Overview
This section provides an overview of how pydrobert-speech is organized so that you can get your feature representation just right.
The input to pydrobert-speech are (acoustic) signals. The output are
features. We call the operator that transforms the signal to some feature
representation a computer. Operators that act on the signal and produce a
signal, like random dithering, are preprocessors, and operators that act on
features and produce features, like unit normalization, are postprocessors. The
latter two operators exist in the submodules pydrobert.speech.pre
and
pydrobert.speech.post
and follow the usage pattern
>>> y = Op().apply(x)
A computer, which can be found in pydrobert.speech.compute
, will require
more complicated initialization. The standard feature representation, which is
a 2D time-log-frequency matrix of energy, derives from
pydrobert.speech.compute.LinearFilterBankFrameComputer
. It calculates
coefficients over uniform time slices (frames) using a bank of filters.
Children of pydrobert.speech.compute.LinearFilterBankFrameComputer
all
have similar representations and all use linear banks of filters, but can be
computed in different ways. The classic method of computation is the
pydrobert.speech.compute.ShortTimeFourierTransformFrameComputer
.
Banks of filters are derived from
pydrobert.speech.filters.LinearFilterBank
. Children of the parent
class, such as pydrobert.speech.filters.ComplexGammatoneFilterBank
,
will decide on the shape of the filters.
pydrobert.speech.compute.LinearFilterBankFrameComputer
instances
compute coefficients at uniform intervals in time. However, the distribution
over frequencies is decided by the distribution of filter frequency responses
from the filter bank, which, in turn, depends on a scaling function. Scaling
functions can be found in pydrobert.speech.scales
such as
pydrobert.speech.scales.MelScaling
. Scaling functions transform the
frequency domain into some other real domain. In that domain, filter
frequency bandwidths are distributed uniformly which, when translated back to
the frequency domain, could be quite non-uniform.
In sum, you build a computer by first choosing a scale from
pydrobert.speech.scales
. You then pass that as an argument to a filter
bank that you’ve chosen from pydrobert.speech.filters
. Finally, you past
that as an argument to your computer of choice. For example:
>>> from pydrobert.speech import *
>>> scale = scales.MelScaling()
>>> bank = filters.ComplexGammatoneFilterBank(scale)

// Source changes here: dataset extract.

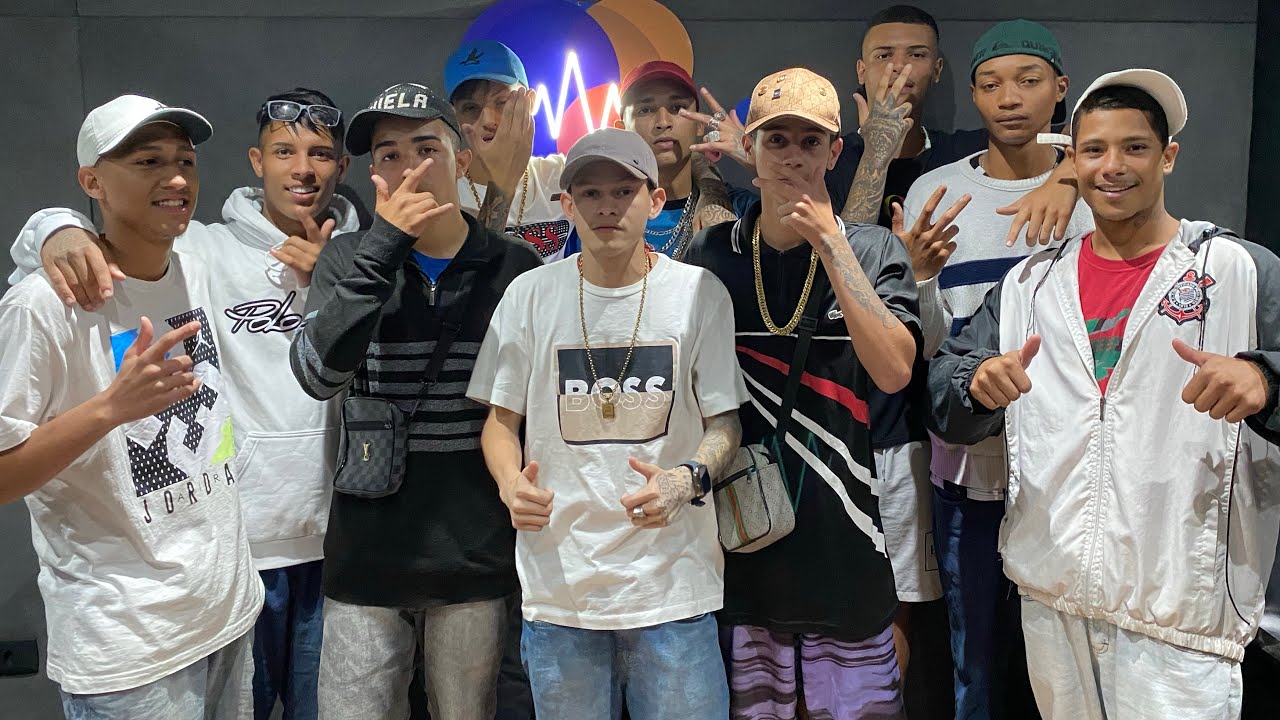 Medley Infinito - MC’s Vitinho Da Sul, Menor Vini, DNL, FR Da Norte, Menor LK (SENTEOGRAVE)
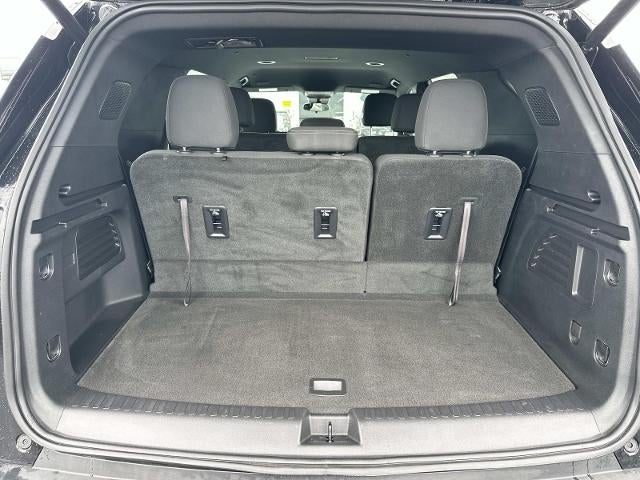 2024 Chevrolet Traverse LS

>>> computer = compute.ShortTimeFourierTransformFrameComputer(bank)
>>> # preprocess the signal
>>> feats = computer.compute_full(signal)
>>> # postprocess the signal
This is a bit different from the syntax described in the README. There, we use aliases. Aliases are a simple mechanism for unpacking hierarchies of parameters, such as the hierarchy between these computers, filter banks, and scales. We can streamline the above initialization as
>>> computer = compute.ShortTimeFourierTransformFrameComputer(
... {"name": "tonebank", "scaling_function": "mel"})
or even
>>> computer = compute.FrameComputer.from_alias("stft",
... {"name": "tonebank", "scaling_function": "mel"})
The dictionaries are merely keyword argument dictionaries with the special key
"name"
or "alias"
referring to an alias of the subclass you wish
to initialize (unless you just pass a string, at which point it’s considered
the alias with no arguments). Aliases are listed in each subclass’ alias
class member. Besides for brevity, aliases provide a principled way of storing
hierarchies on disk via JSON. Thus, it’s possible to access most of
pydrobert-speech’s flexibility from the provided command-line hooks.
Finally, there are some visualization functions in the
pydrobert.speech.vis
module (requires matplotlib
), some
extensions to pydrobert-kaldi data iterators in
pydrobert.speech.corpus
.